The Aberdeen South MP instead called on people to “embrace and celebrate” the institution.
Writing in the Press and Journal, he also said the recent refugee crisis had highlighted freedoms the UK enjoys which others will “risk their lives for”.
And he pointed to the benefits to the Granite City of remaining in the EU, including funding for the drive to diversity into renewable energy technologies, social protections and access to the single market.
His remarks came as David Cameron and former trade union leader Sir Brendan Barber teamed up to warn workers they would be hit by a “triple threat” to jobs, wages and prices in shops if the UK voted to leave the EU.
The PM and ex-Trades Union Congress (TUC) general secretary accepted they were unlikely allies.
But answering questions at an engine factory in Peterborough, Mr Cameron said: “We both think this issue about Britain and Europe is so important that we put aside our own disagreements, put aside party political arguments to say Britain should stay in a united EU.”
He also spoke about the importance of Europe in moving on from the two world wars.
“For all its imperfections, we shouldn’t lose that idealism that we’ve found a way in Europe of settling our differences through discussion and negotiation rather than all the things that have happened in the past,” Mr Cameron told workers.
In the Commons yesterday, Tory MP Bernard Jenkin likened the UK Government’s concessions to the Trade Union Bill earlier in the week to the “cash for questions” scandal.
The leading Eurosceptic claimed Downing Street had instructed a climbdown on attempts to force all trade union members to have to opt into paying a political levy in order to secure union representatives’ support for Remain.
The opt-in will now only apply to new union members and not existing members, as originally planned.

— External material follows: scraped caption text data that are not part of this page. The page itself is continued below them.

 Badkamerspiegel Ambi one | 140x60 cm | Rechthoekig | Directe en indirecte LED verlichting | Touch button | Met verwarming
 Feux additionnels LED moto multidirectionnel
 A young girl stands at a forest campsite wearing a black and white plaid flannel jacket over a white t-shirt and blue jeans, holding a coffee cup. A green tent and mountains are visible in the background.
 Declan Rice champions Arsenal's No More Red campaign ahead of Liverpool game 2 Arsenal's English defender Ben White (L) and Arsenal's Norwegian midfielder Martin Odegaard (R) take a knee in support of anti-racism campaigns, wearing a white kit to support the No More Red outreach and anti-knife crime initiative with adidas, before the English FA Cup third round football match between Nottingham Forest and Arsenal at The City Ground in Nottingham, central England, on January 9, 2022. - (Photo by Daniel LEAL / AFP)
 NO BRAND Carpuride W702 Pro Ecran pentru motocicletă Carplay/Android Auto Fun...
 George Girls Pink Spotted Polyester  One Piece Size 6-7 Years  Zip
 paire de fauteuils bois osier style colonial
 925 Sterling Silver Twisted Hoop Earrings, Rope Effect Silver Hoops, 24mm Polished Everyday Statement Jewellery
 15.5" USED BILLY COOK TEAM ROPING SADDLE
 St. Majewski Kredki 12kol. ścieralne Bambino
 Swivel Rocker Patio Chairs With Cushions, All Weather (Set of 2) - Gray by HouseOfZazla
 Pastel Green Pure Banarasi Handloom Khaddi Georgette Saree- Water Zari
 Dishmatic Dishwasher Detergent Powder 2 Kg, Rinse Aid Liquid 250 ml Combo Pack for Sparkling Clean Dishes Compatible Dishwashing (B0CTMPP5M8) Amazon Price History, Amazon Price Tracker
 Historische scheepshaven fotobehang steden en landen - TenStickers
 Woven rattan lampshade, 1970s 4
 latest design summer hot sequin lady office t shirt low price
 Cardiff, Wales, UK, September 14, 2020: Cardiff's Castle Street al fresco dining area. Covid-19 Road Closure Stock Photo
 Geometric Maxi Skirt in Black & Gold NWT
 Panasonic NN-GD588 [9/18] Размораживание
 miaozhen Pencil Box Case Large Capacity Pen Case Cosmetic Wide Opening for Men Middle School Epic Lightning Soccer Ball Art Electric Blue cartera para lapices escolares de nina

Number 10 insisted the legislation and EU referendum were “separate issues”, however.
Meanwhile, Eurosceptic economists said yesterday the UK could grow an extra 4% in a decade if it left the EU.
The Economists for Brexit – a group of eight senior figures – calculated that prices would be 8% lower, fewer people would be out of work and investment would grow once the UK was freed from the constraints of Brussels.